Im Baulos 3 (Stromkilometer 59,1- 61,1) umfasst der Ausbau folgende Teilleistungen:
- Streckenausbau des Silokanals entsprechend den Anforderungen an die Wasserstraßenklasse Vb des Klassifizierungssystems für Europäische Binnenwasserstraßen für einen erweiterten Kanalquerschnitt (Verbreiterung und Vertiefung des Kanals). Die Verbreiterungsseite ist im Wesentlichen das Nordufer.
- Ufersicherungen für die erforderlichen Kanalquerschnitte künftiger Regelschiffe.
- Anlegen von Betriebswegen.
Mit dem Kanalausbau sind die vorgeschriebenen Überdeckungen nicht mehr vorhanden und es wurde eine Anpassung an das neue Ausbauprofil erforderlich. Der Betreiber der Abwasserdruckrohrleitung, die Wasser- und Abwassergesellschaft Brandenburg an der Havel (BRAWAG GmbH), musste dementsprechend reagieren und beauftragte die Planung eines neuen Dükerbauwerkes.

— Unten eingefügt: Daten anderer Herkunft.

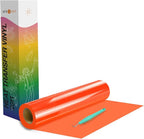 HTVRONT Heat Transfer Vinyl Neon Orange HTV Rolls, Heat Transfer Vinyl by HTVRONT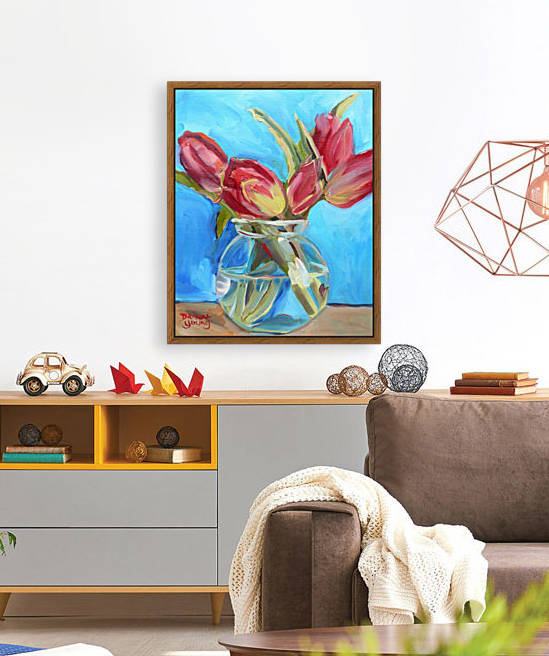 Red Tulips by Darlene Young Canadian Artist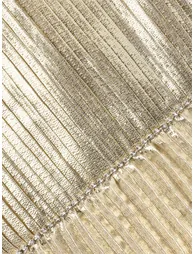 Self Portrait Girls Metallic Tiered Dress in Gold - 3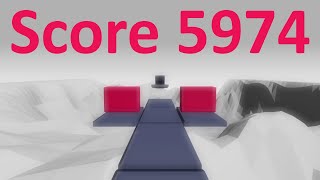 Geometry Run 3D (Gamee) Score 5974 screenshot 3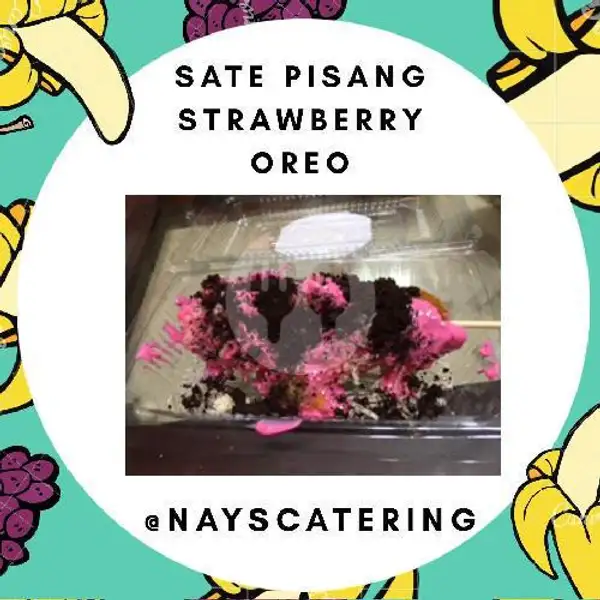 Sate Pisang Strawberry Oreo | Nay's Catering, Pondok Aren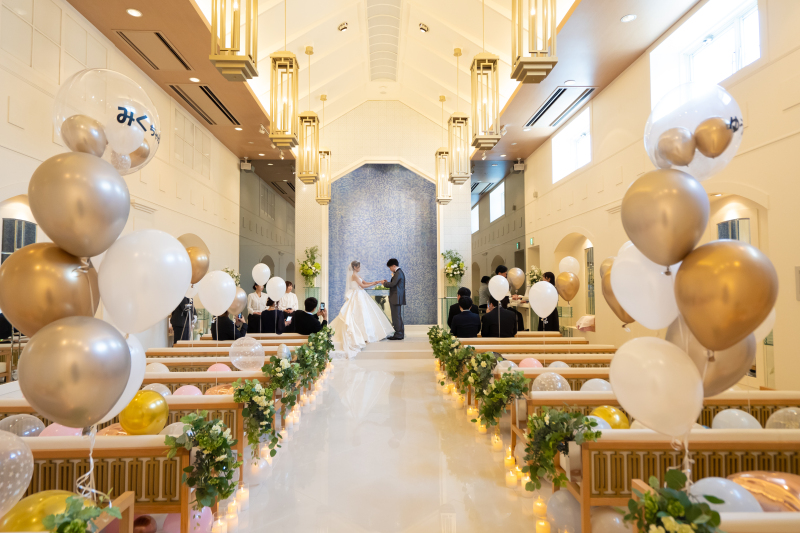 家族の皆からのサプライズのバルーンコーディネート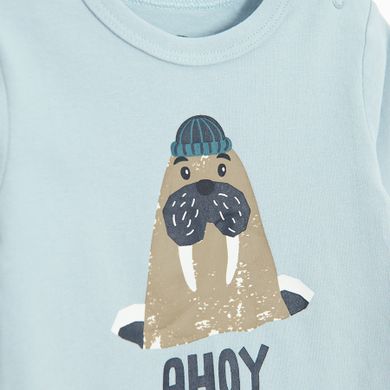 Cool Club, Body cu maneca lunga pentru baieti, albastru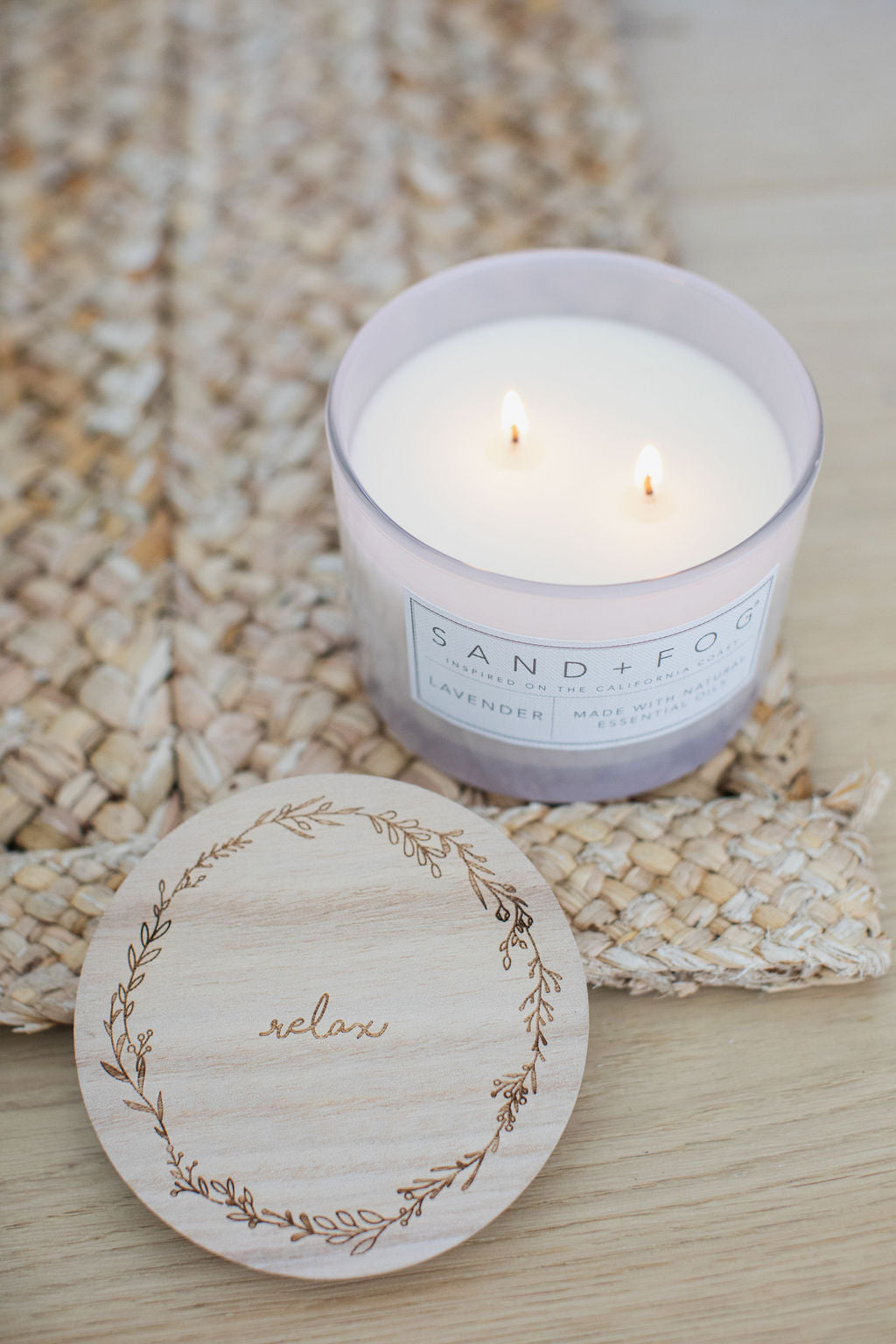 Cozy Lavender 12 oz scented candle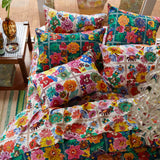 Ines Cotton Euro Pillowcase Set - Verdant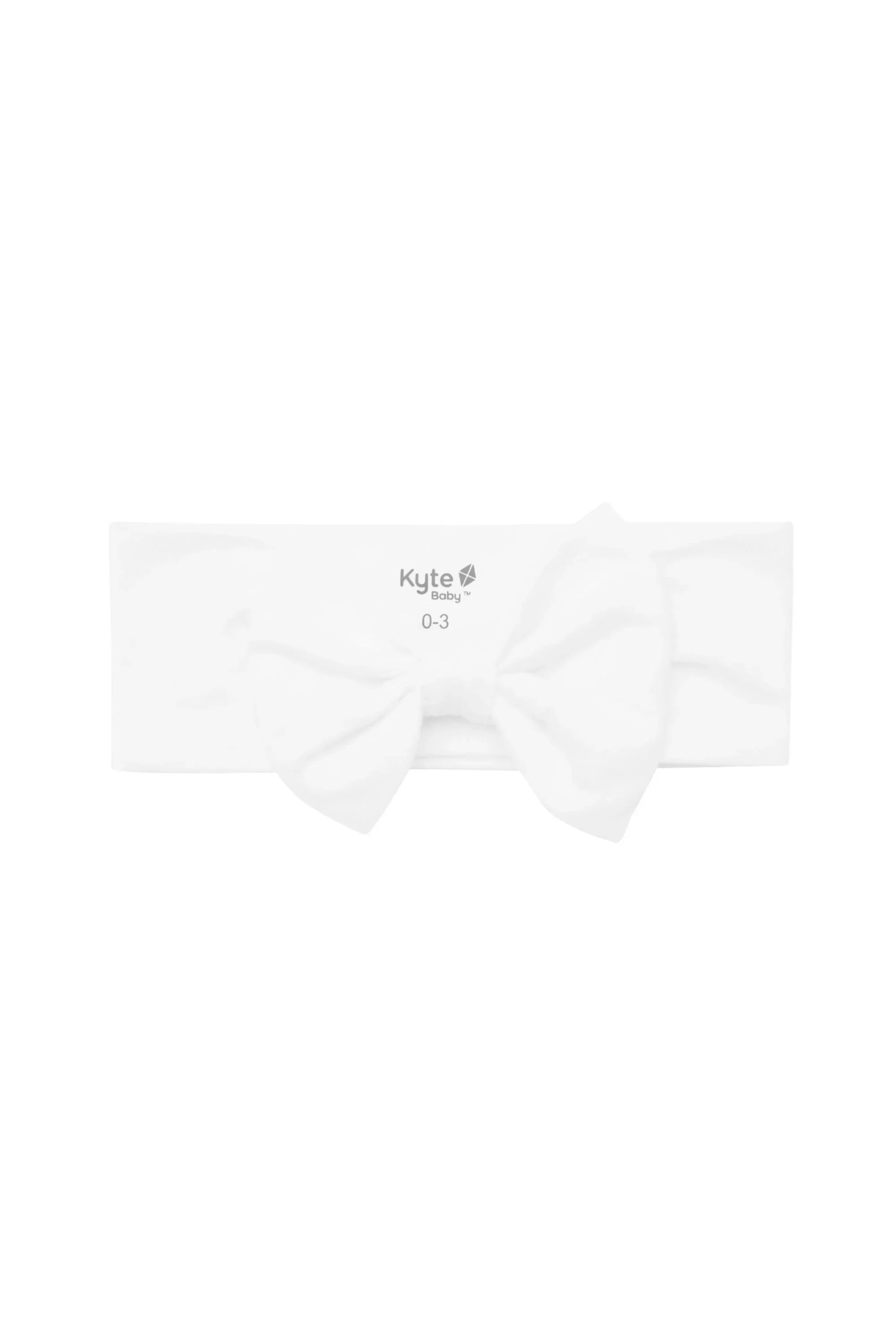 Bow Headband in Cloud Secondary image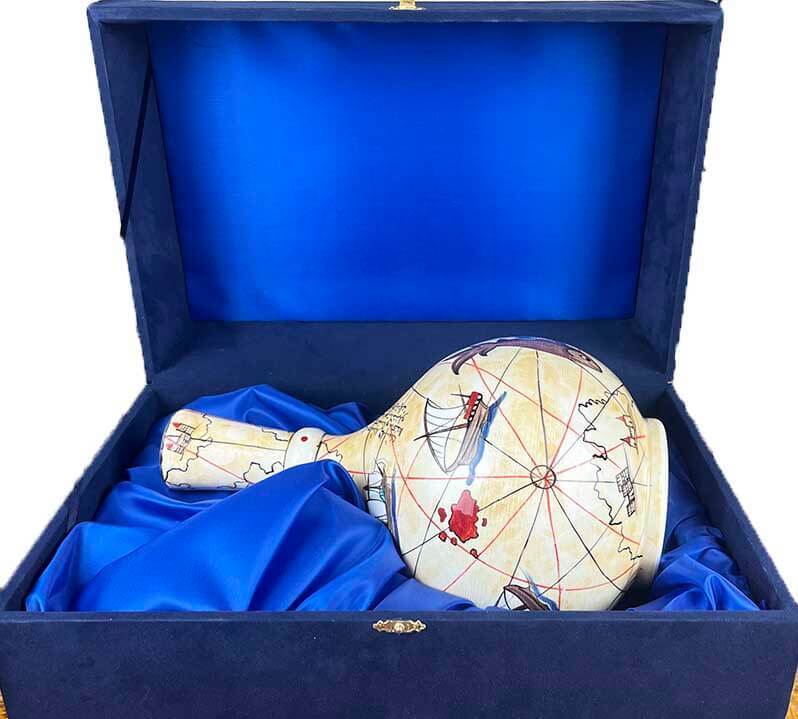 İznik Çini Vazo | Piri Reis Haritalı 30 cm - 6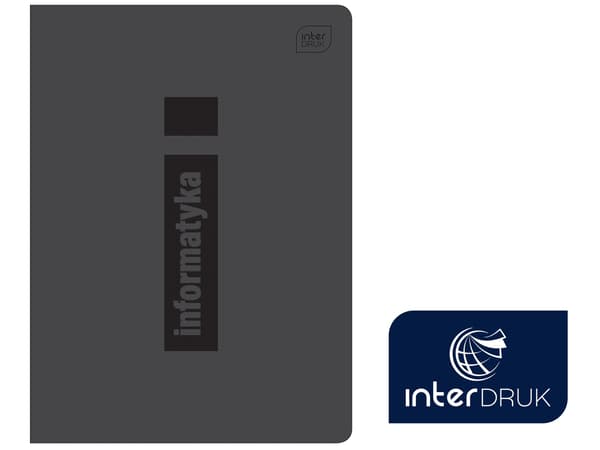 Interdruk A5 notesbog, 60 sider gitter, IT + snydeark
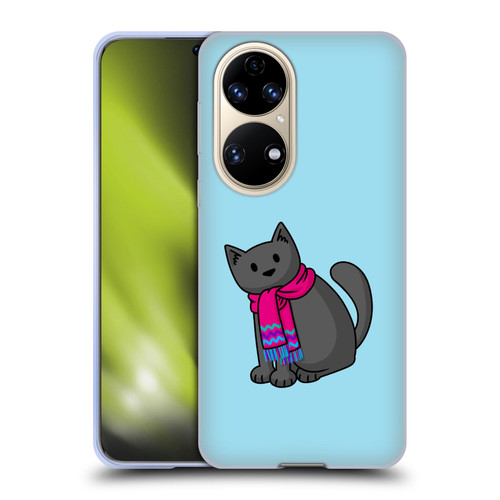 Beth Wilson Doodlecats Cold In A Scarf Soft Gel Case for Huawei P50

Anlagen und örtlichen Gegebenheiten
Der vorhandene Düker besteht aus einem Stahlrohr DN 700 und kreuzt den Silokanal bei Kanalkilometer 61,2. Die horizontale Länge des Dükerbauwerkes beträgt 61,7 m. Am nördlichen Ufer weist der Düker nach dem Kanalausbau keine ausreichende Deckung mehr auf. Vor und hinter dem Düker befinden sich Armaturen und Entlüftungen, die es gestatten, den neuen Düker mit relativ kurzen Unterbrechungen einzubinden. Im Kreuzungsbereich verläuft parallel zum Kanal eine betriebliche Gleisanlage mit drei Gleissträngen. Die vorhandene Abwasserdruckleitung kreuzt diese Anlage in einem Stahlschutzrohr DN 1200.
Rohrmaterial
Gemäß Ausschreibung wurde als Rohrmaterial Polyethylen spezifiziert. Aufgrund der nicht gerade unproblematischen Baugrundverhältnisse (siehe unter Punkt "Geologie und Schichtenaufbau") fiel die Wahl auf ein so genanntes Mantelrohr. Das DVGW-Arbeitsblatt G472 lässt für Abträge an PE-Rohren nur einen Wert von 10 Prozent der Mindestwandstärke zu. Zum Einsatz kam aus vorgenannten Gründen das SLM"2.0 Rohr der Firma Egeplast. Der Schutzmantel, aus verstärktem Polypropylen gefertigt, schützt gegen Kratzer und Riefen von außen.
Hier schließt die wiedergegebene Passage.